Abgelenkt durch Peng!, kam ich fast zu spät zu Oona Doherty. Angekündigt war ihr Stück als eine »energetische Choreografie über die unteren sozialen Schichten Europas und die ambivalenten Konzepte von Geschlecht und Klasse«. Ihre Performance: in der Nähe des Osterbek-Kanals im Freien auf einer Wiese, rundherum Häuser – das Publikum, mit Sicherheitsabstand, war hier geschützter als in den Hallen. Die »Männlichkeit in der europäischen Arbeiterklasse« (Info-Text) – hier ein schwarzer Golf mit lauter Rock-Musik und ein Mann mit einer Flasche in der Hand. Der Mann, der »viele Männer ist«, taucht auf, steigt ein, rast davon. Ein knabenhaftes Wesen mit streichholzkurzem Haar versucht, ihn aufzuhalten, rennt hinterher, eine »Jagd nach Hoffnung«. Sie wendet sich um, läuft durch die Zuschauer zur Bühne, die sich nur zentimeterhoch über den Boden erhebt. Ist sie, Oona Doherty, dieser Mann, der »in unterschiedliche Figuren« mutiert?
Der Tanz, manchmal aufbegehrend, dann erschöpft am Boden. Die Arme hochreißend schreit sie: »Death« und »Scheiße«, dreimal hintereinander. Zeigt auch mal Hip-Hop-Elemente im Tanz. Dann immer wieder »Home«- und »Hope«-Ausrufe mit viel Gestik. Sie zieht den dunklen Pulli, die Hose und Socken aus. Alles fein zusammengelegt vor die Bühne platziert. Nun steht ein weißes Wesen vor uns. Musikwechsel. Chorgesang, Mönche, himmlische Musik, die fließt so dahin. Eine Anleihe beim estnischen Mode-Komponisten Arvo Pärt, von Choreografen heute geschätzt. Kein Rhythmus. Sie verlässt die Bühne, läuft über die Brücke, die den Kanal überspannt. Klatschen. Krach vom Wasser her – Fußballfans? Nein, vom Lautsprecher. Sie kommt zurück, verbeugt sich. Schluss? Anscheinend. Der Text von Doherty hilft nicht weiter, hinterlässt Ratlosigkeit. »Verblassen zum weißen Lazarus, der sich als Phönix erhebt. Ein Versuch«, so ihre Interpretation, »das Stereotyp des abgehängten Mannes zu dekonstruieren«. Nein, es geht weiter, »und es im strahlenden Weiß einer Caravaggio-Vorhölle erstrahlen zu lassen«. Ach, ich habe davon gar nichts mitbekommen.

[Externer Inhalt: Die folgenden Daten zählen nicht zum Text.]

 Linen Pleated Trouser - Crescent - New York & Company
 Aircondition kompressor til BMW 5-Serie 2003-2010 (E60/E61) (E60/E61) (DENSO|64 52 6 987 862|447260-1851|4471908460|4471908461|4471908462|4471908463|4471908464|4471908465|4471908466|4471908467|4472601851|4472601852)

Diese Hölle scheint eher das Eröffnungsstück in Halle 6 von Florentina Holzinger bereitet zu haben mit den »Martial-Arts-Kampfszenen« ihrer Tänzerinnen und viel fließendem Blut und einigem Urin. Welch ein Glück, in der freien Natur mit der eher sanften Oona die Zeit verbracht zu haben.